Confieso que siempre me he preguntado, al ver esas misteriosas listas de “best-sellers” que se publican en periódicos y suplementos culturales, para colmo basadas en una muestra tan escasa y sesgada de librerías que difícilmente podría dar lugar a resultados estadísticamente significativos ni relevantes, en cuál de sus dos apartados básicos, “Ficción” y “No Ficción”, deberían incluirse, si por ventura alguna vez sucediese el milagro de que estuviesen los libros de poesía entre los más vendidos. Es posible, hasta probable, que se trate de una curiosidad ociosa por mi parte, quizá hasta impertinente, pero nunca he logrado saciarla ni evitarla, y ello me ha obligado a darle vueltas al asunto, enigmático a mi entender, de las relaciones entre la poesía y la realidad, o si se prefiere, entre la poesía y la verdad, que no son lo mismo aunque a menudo se confundan, y que a su vez son con cierta frecuencia contrapuestas – la realidad y la verdad – a ese arte que se supone intrínsecamente “realista” que es el cine.

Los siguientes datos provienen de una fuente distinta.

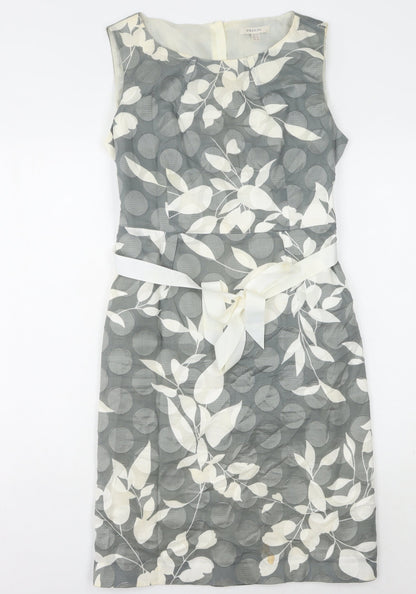 Precis Women's Grey Ivory Floral Dress Size 14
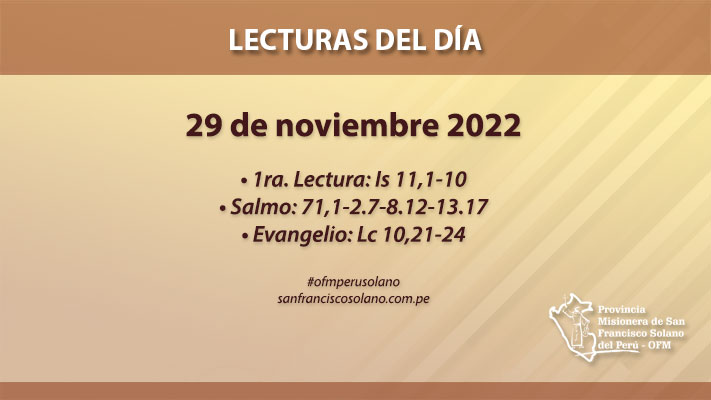 Lecturas del día: 29 de noviembre 2022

No siendo en modo alguno experto – ni siquiera un estudioso – en el campo de la poesía (ni siquiera en el del cine, aunque algunos lo crean), pero sí (sobre todo de joven) ávido lector de esta rama tan “anómala” como antigua de la creación literaria, y también – como, sospecho, todo el mundo, casi sin excepciones, por mucho que alguno se resista a admitirlo – ocasional y prematuro (aunque, eso sí, discreta y prudentemente confidencial, por no decir cuidadosamente secreto) practicante o más bien – ay – “perpetrador”, como diría Borges, del género –¿quién no ha cometido, al menos involuntaria e impulsivamente, un poema indigno de tal nombre, duradera causa de vergüenza y frustración? –, me ha chocado siempre que un poema pudiera (o hasta debiera) ser considerado como “no ficción”, al menos en la medida en que, usualmente – y dado que hoy y desde hace tiempo no se prodigan en demasía ni la poesía épica ni la meramente narrativa –, más que a contar una historia tiende la poesía a expresar – de un modo aparentemente indirecto, expresamente y descaradamente “literario”, no sometido a la retórica o la lógica de lo demostrativo, ni siquiera férreamente sujeto a las normas sintácticas que rigen toda prosa que aspire a ser inteligible – un sentimiento íntimo, casi inefable – o muy difícil de exponer ordenadamente, cuando no inexplicable –, en las mejores ocasiones una suerte de saber o sabiduría intuitiva, que se libra, además, por su misma forma, de la necesidad de justificar, razonar y argumentar las (a veces) lapidarias máximas que, un tanto irresponsablemente tal vez, se plasman sin recato, sean falsas, verdaderas o váyase a saber.
De acuerdo con este modo de entender lo poético, un poema pertenecería, más bien, a la “no ficción”, ya que sería, cuando menos, “verdad”, aunque fuese una verdad exclusivamente subjetiva, íntima, personal, indemostrable, y – lógicamente – no aspirase a la generalidad.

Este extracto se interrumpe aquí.